不思議な感じはしたがまあここは沖縄だ、筆者も一年くらい住んである程度免疫ができているつもりなので多少のことでは驚かない。余裕のふりをしてスープとライスをつつきながらまたしばらく待っていると、おもむろにメインディッシュのプレートが運ばれてきた。

一目見てやばい、と思った。


鳥ももの乗せ方が間違っているような気がします。

肉、てんこ盛り

お待たせしました、Aランチの方。

・・・。

あ、はい僕です。

目の前に運ばれてきたAランチが放つ怒涛のインパクトに一瞬我を忘れた。K−1とかでノックアウトされた選手が「どうやって倒されたのか覚えていません」とか言うが、こういう感じなのかもしれない。で、なんだこれは。トンカツとポテトフライとハンバーグと玉子焼きの上に鳥もものフリッターがずんがと乗っている。そしてそれらどれをとっても単品ですら大きすぎるくらいの大きさなのだ。鳥なんてクリスマスの七面鳥くらいある。


海賊の宴会みたいな食卓です。

比較のために携帯電話と一緒に撮影してみた。奥に写っているのが一緒に注文したCランチ。Aランチとの違いは鳥が乗っていないこと。それからハンバーグとトンカツも心なしか小さい気がする。だけどどちらにしろ尋常でない量なことは確かだ。


肉を前にどうしたらいいのかわからない。

肉と闘う

驚いてばかりはいられない。食べなきゃ。

まずはやはり上に乗っている鳥から手をつけることにした。衣と皮がぱりぱりしていてうまいのだが、本丸の肉にたどり着く頃には軽く満腹になっている。筆者は結構大食いの方なのだが、鳥の半分も食べきる前に敗北を意識した。まだ後にトンカツとハンバーグとポテトと玉子焼きが残っているというのに。

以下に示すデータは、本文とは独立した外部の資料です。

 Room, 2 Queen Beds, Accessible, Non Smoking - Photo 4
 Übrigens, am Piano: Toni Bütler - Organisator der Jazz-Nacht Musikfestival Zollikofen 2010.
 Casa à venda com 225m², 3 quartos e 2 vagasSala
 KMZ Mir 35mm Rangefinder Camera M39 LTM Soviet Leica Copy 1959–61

こういう状況を見越してか、沖縄の定食屋にはたいてい持ち帰り用のパックとビニール袋が用意されている。もちろん持って帰ることにしたが、晩御飯もまったく同じメニューになると思うと少し怖かった。

タクシーの運転手さんに連れてこられたらしい修学旅行生もAランチを注文していた。いい思い出になっていればいいと思う。

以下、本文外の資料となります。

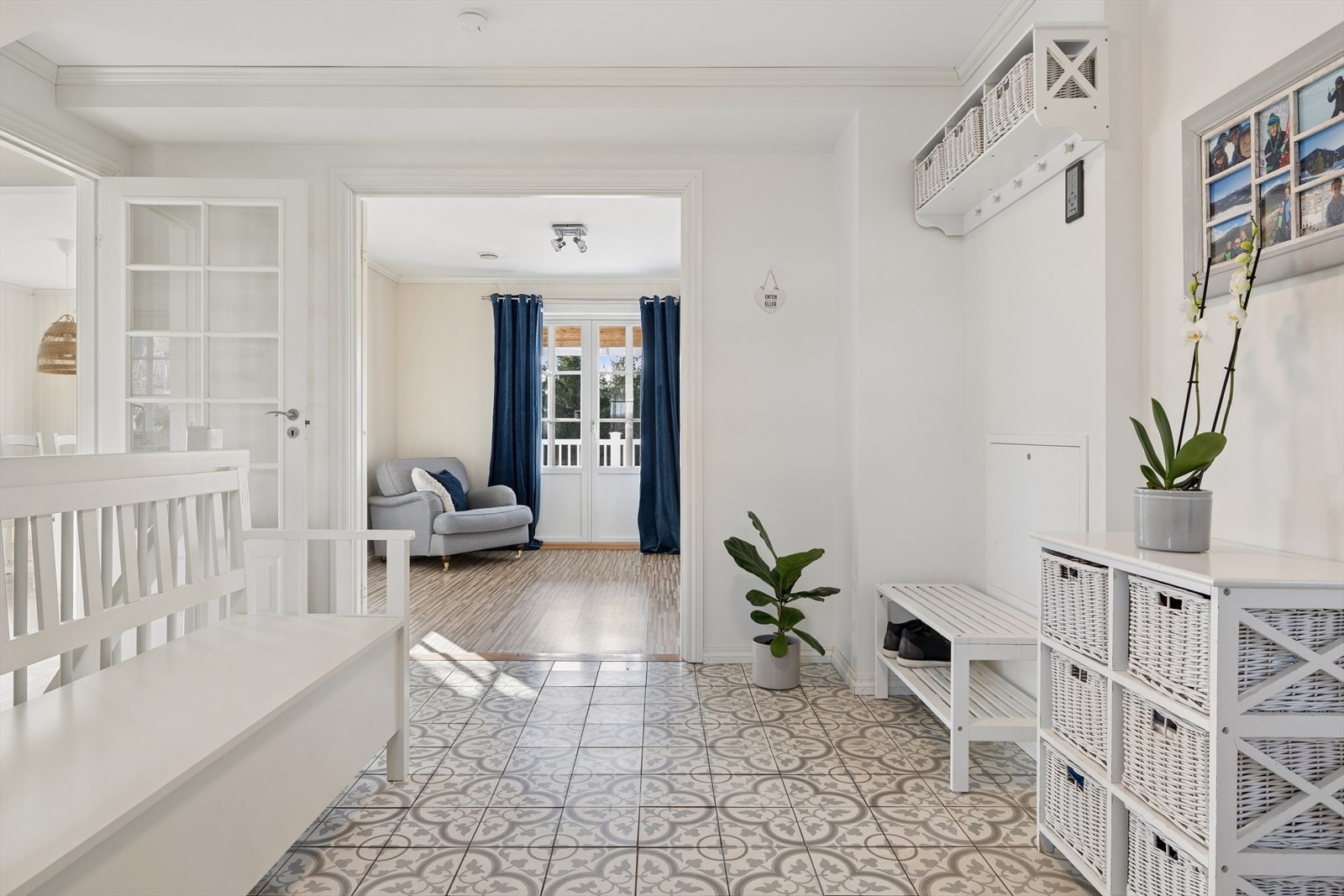 Du ønskes velkommen inn til boligens hovedetasje og en romslig entré. Her er det god plass til å henge fra seg yttertøy og sette fra seg sko. På gulvet er det lagt dekorative fliser med vannbåren varme. Galleribilde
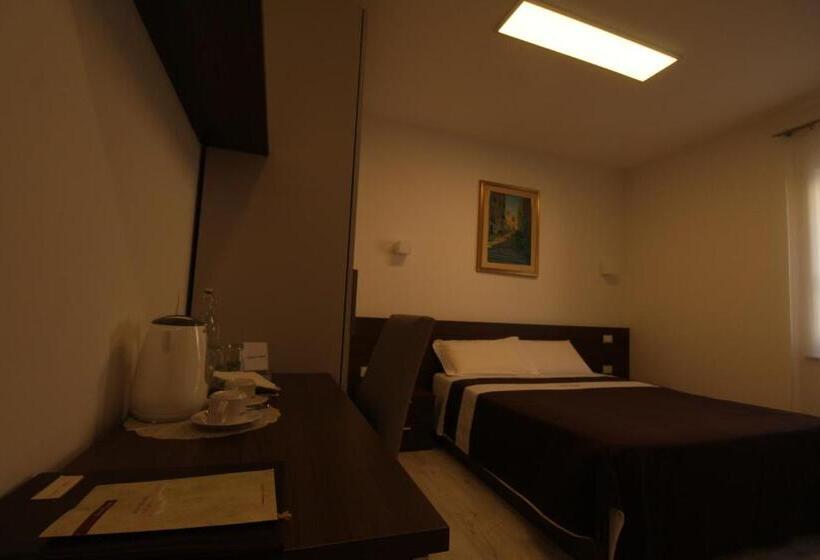 חדר סטנדרט יחיד, Cajeta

ウーロン茶に刺さっていた棒。ストローだと思い吸うとそれが棒であることに気付く。

ランチのAではなく、Aランチです

後でわかったのだが、どうやら沖縄で言うAランチというのはランチメニューのAというわけではなく「Aランチ」という独立したメニューなのだ。その証拠に朝でも夜でもAランチ、多くの定食屋でレギュラーメニューとして注文できる。

Aランチという名前の由来までははっきりしていないようなのだが、外国人にもわかりやすいメニューにするためという説がある。要するに肉盛り合わせ定食、とか書かれていても日本語の読めない外国人にはなんのことやらわからず注文できない。しかしA、Cと書かれていればわからなくても注文できるというわけだ。ちなみに他の定食屋でAランチを注文しても内容はやはり揚げ物が中心だった。それに皿に盛られたライスとスープが付く。外国人にも親しみやすいように洋食メニューを意識しているのだろう。

それからこの食堂のおばちゃんにBランチがない理由も聞いてみた。

「どうしてAからBがなくてCなんですか」
「そういえばそうよね。ははは。昔からそうだから特に理由なんて考えてもみなかったわ。」

昔Bランチを頼んだお客さんが次々と奇怪な死を・・なんていういわくつきの理由でもあるのかと期待したがそんなこともなかった。ちなみに他の定食屋にはちゃんとBランチがあったりします。ごちそうさまでした。